Wednesday, April 9, 2014

NLRC sheriff reinstates ousted Ecija university prexy in tense return

CABANATUAN CITY, Nueva Ecija–The National Labor Relations Commission yesterday officially reinstated a university president who was  unceremoniously ousted from his post two years ago in a tension-filled return marked by a confrontation between the lady sheriff and school officials.

          Prof. Manuel Palomo Sr. was accompanied by NLRC Region 3 Sheriff Aida Gervacio who served at 10 am the writ of execution of the 28-page March 11 decision issued by regional labor arbiter Mariano Bactin which ruled that Palomo Sr.’s dismissal as Wesleyan University president was illegal and unjustified. With him was his son and namesake Manuel who was also ordered reinstated as chief administrative officer by the NLRB.

          Palomo was ousted last March 11,2012 in a resolution of the WUP’s board of trustees (BOT). It was affirmed on the same day by the United Methodist Church’s College of Bishops (COB) which selects the university  president as well as the members of the BOT.

          In ordering Palomo Sr. reinstated, the NLRC  also ordered the BOT and the COB to indemnify him P8.544 million in backwages; actual, moral and exemplary damages and attorney’s fees. Palomo was represented in the labor suit by lawyer Valentino F.P. Alberto. 

          The serving of the writ was marred by tension when Gervacio confronted the security officers and university officials manning the gate when they barred the Palomo father-and-son and Gervacio from entering the university compound allegedly on instructions from the school’s officer-in-charge Pacifico |Aniag.

          Gervacio was likewise denied entry inside the gate by security officer Julio Minor, prompting her to remark : “Why don’t you allow us to go in? The Wesleyan is not treating its visitors well,” she said.       She warned that the security officers run the risk of being cited for contempt.

          The two Palomos stayed inside their vehicle while Gervacio was confronting the university officials. They left without alighting from their car.

          Gervacio was met outside the school’s premises by Ma. Niña Regala, Aniag’s secretary and general services officer Crisaldo Vicencio. Regala received the copy of the writ and signed it under the acacia tree amid the scorching heat in the presence of the media, security guards of the school and two lawmen who stood guard outside with a patrol car on standby. 

          A brief commotion ensued when other vehicles were also barred from entering the school premises. A mother asked the guard on duty if she could be permitted to go in as she was to have her child enrolled.

          Aniag was not around when the writ was served.
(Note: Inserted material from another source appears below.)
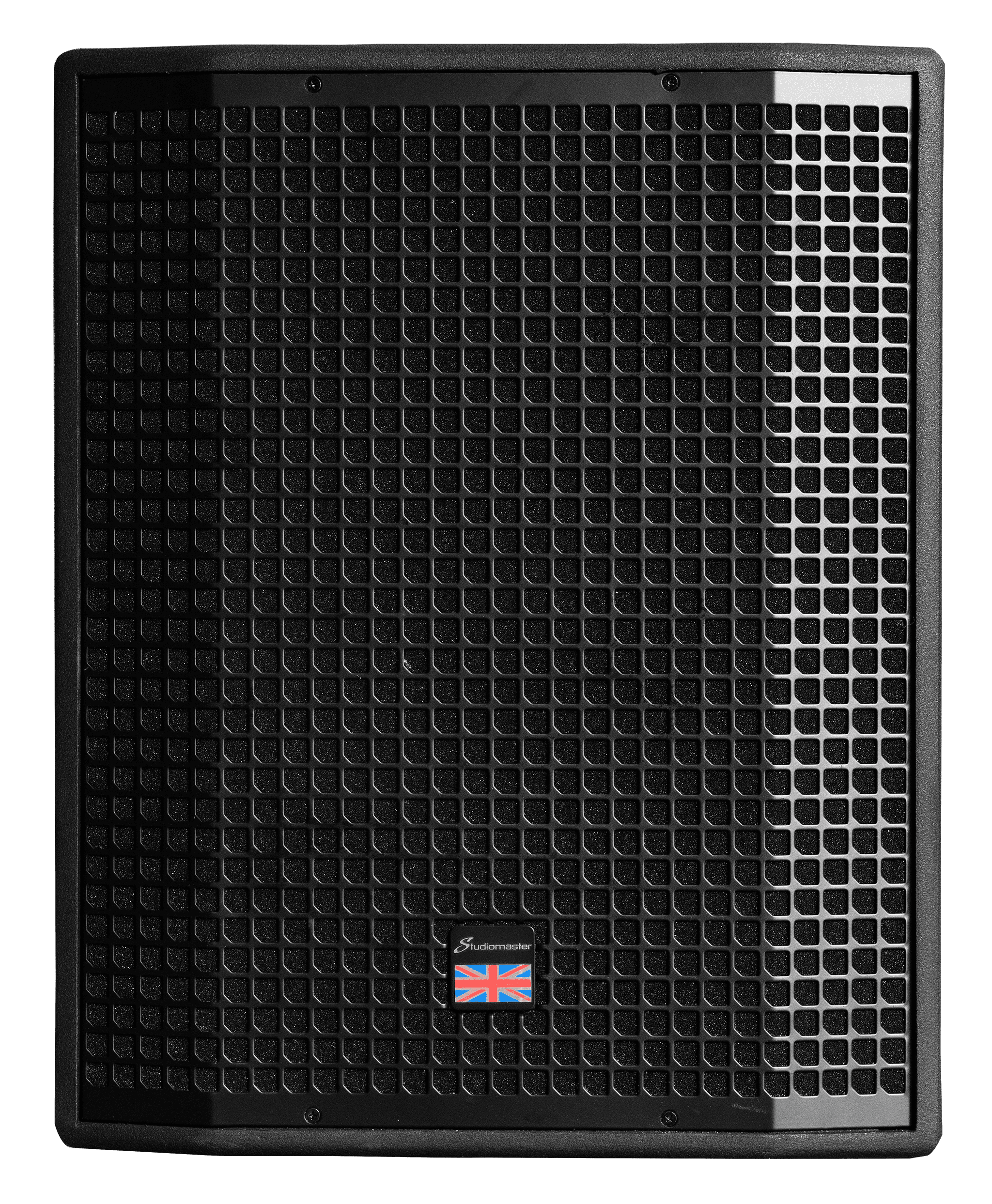 Large black speaker with a grid-patterned grill and a small badge at the bottom center featuring a British flag and the Studiomaster logo.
He has not been returning calls nor answering text messages on his mobile phone.

          His executive assistant Reynaldo Samonte said he was on a four-day meeting in his hometown in Bulacan and will return on Friday.       Samonte said they won’t allow Palomo to go inside the school since they have secured an injunction preventing him from entering the school compound.

          Gervacio said with the serving of the writ, Palomo  Sr. is now considered officially reinstated even if he has not set foot inside the university even with the injunction which, she said, is not permanent. She said his reinstatement is effective March 11 when the decision was made.

          Palomo Sr. said that based on the implementation of the writ of execution by the sheriff, which has become final, he said he expects Aniag to step down as OIC to give way to him.

          “I now expect the OIC to show some chivalry and delicadeza to immediately vacate the position and give way to me as the legal president,” he said. “He should now pack his bags and go back to Bulacan to where he belongs.”

          He said the College of Bishops had assured him that they would respect the NLRC decision ordering his reinstatement.      

          He said the injunction being cited in preventing him from entering the school is not applicable in his case because he has already issued an affidavit of undertaking not to enter the school premises or any of its campuses without any order issued by the court or other agency or entity having jurisdiction on the case.

          Palomo clarified that he never intended to enter the school but the writ stated that his reinstatement required him to be physically present.

          He said he didn’t feel bad about not being able to gain entry inside the school. However, he lamented the shabby treatment Gervacio was subjected to in enforcing the writ. “Imagine an agent of the law being given that kind of treatment?” he asked.                   

          The NLRC said it “found substantial, convincing and competent evidence” that Palomo – who was elected to a five-year term in 2009 which will end this April 30 - was illegally and unjustifiably dismissed as university president after careful evaluation of the facts presented.

          After serving for over two years, Palomo filed a one-year leave of absence without pay on June 11,2011 amid graft allegations against his administration. He said he was doing it for the sake of peace within the university.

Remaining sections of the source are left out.